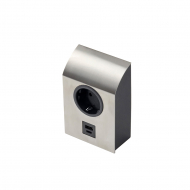 Power Socket Mini Born - Stainless Steel Look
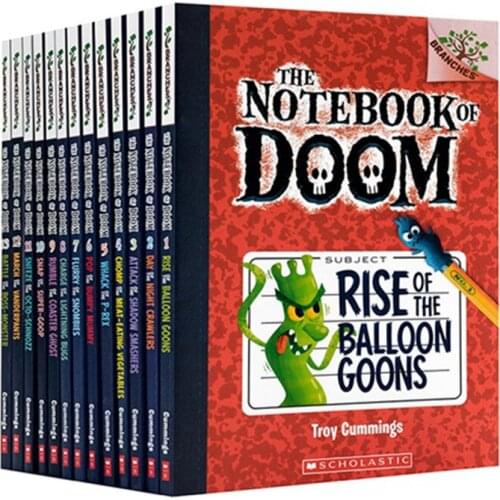 13 Books/Set Scholastic Branches The Notebook of Doom Children Books Kids English Reading Chapter Book students Extra books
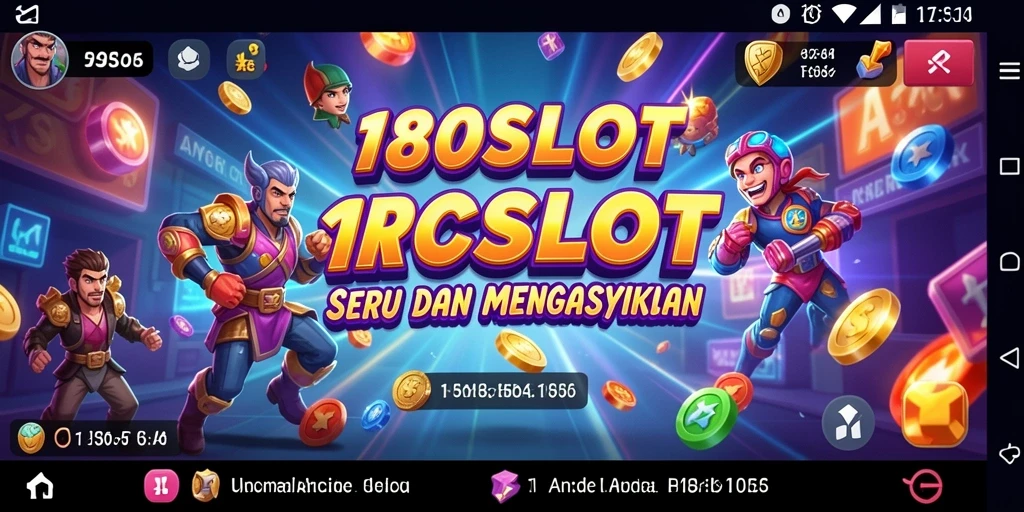 Tangkapan layar menunjukkan gameplay seru dari 180SLOT, menampilkan berbagai tema slot.
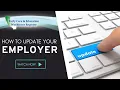 How to Update Your Employer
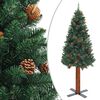 vidaXL Slim Pre-lit Christmas Tree with Ball Set Green 150 cm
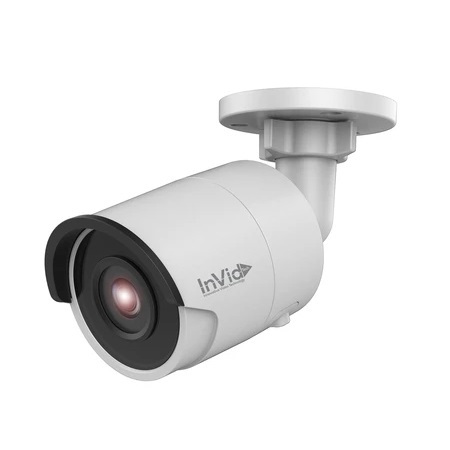 ULT-P5BIR6 InVid Tech 6mm 20FPS @ 5MP Outdoor IR Day/Night WDR Bullet IP Security Camera 12VDC/PoE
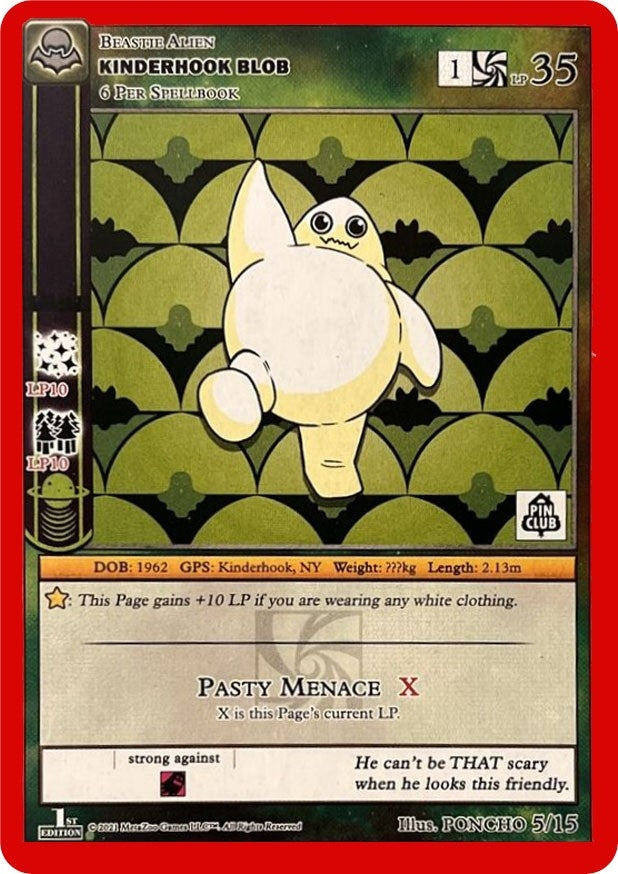 Kinderhook Blob (Pin Club Nightfall Mystery Collection 1st Edition) (5) (MISC) - MetaZoo Single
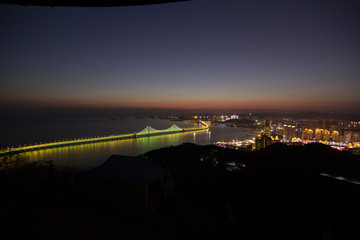 大连星海湾跨海大桥夜景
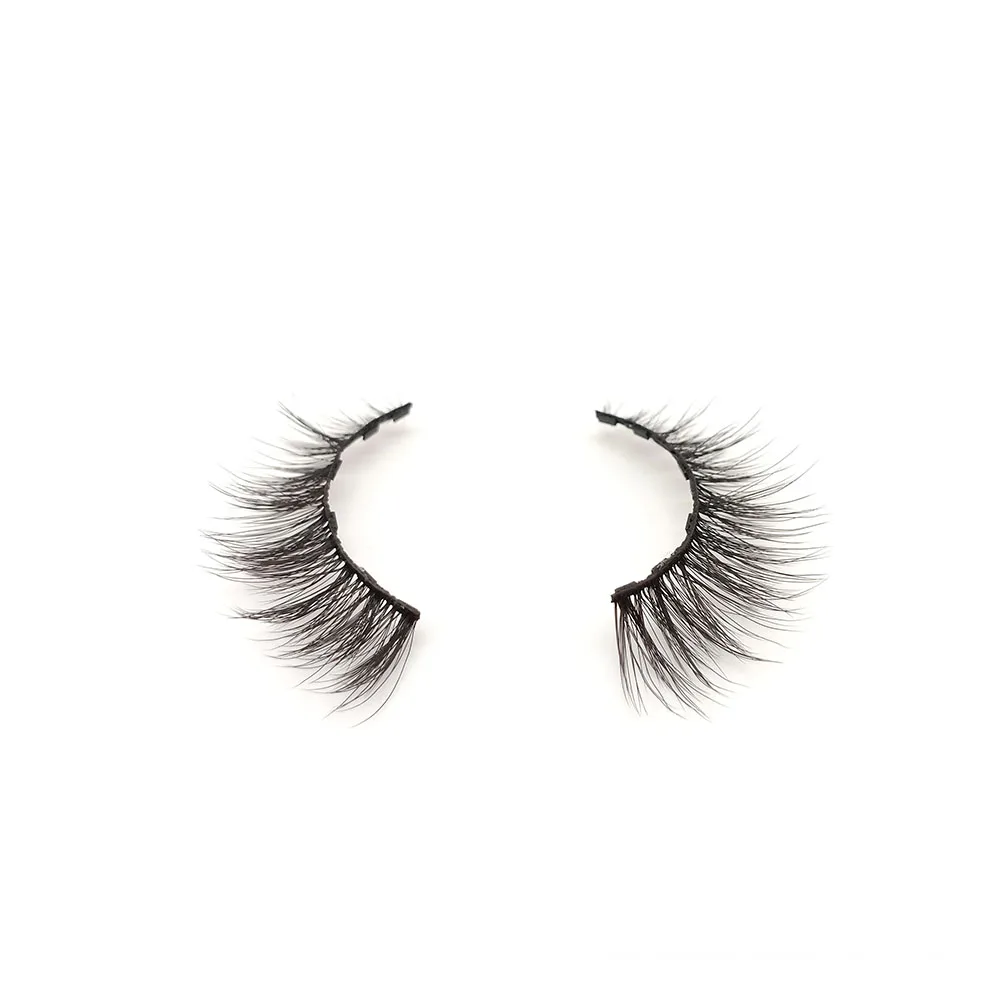 

2021 Newest styles magnetic eyeliner and magnetic lashes 3d wholesale magnetic eyelashes, Natural black mink eyelashes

• _Activity_
Each record above must be retyped exactly as given, with the images excluded.

• _Reply to the task_
 Power Socket Mini Born - Stainless Steel Look
 13 Books/Set Scholastic Branches The Notebook of Doom Children Books Kids English Reading Chapter Book students Extra books
 Tangkapan layar menunjukkan gameplay seru dari 180SLOT, menampilkan berbagai tema slot.
 How to Update Your Employer
 vidaXL Slim Pre-lit Christmas Tree with Ball Set Green 150 cm
 ULT-P5BIR6 InVid Tech 6mm 20FPS @ 5MP Outdoor IR Day/Night WDR Bullet IP Security Camera 12VDC/PoE
 Kinderhook Blob (Pin Club Nightfall Mystery Collection 1st Edition) (5) (MISC) - MetaZoo Single
 大连星海湾跨海大桥夜景

2021 Newest styles magnetic eyeliner and magnetic lashes 3d wholesale magnetic eyelashes, Natural black mink eyelashes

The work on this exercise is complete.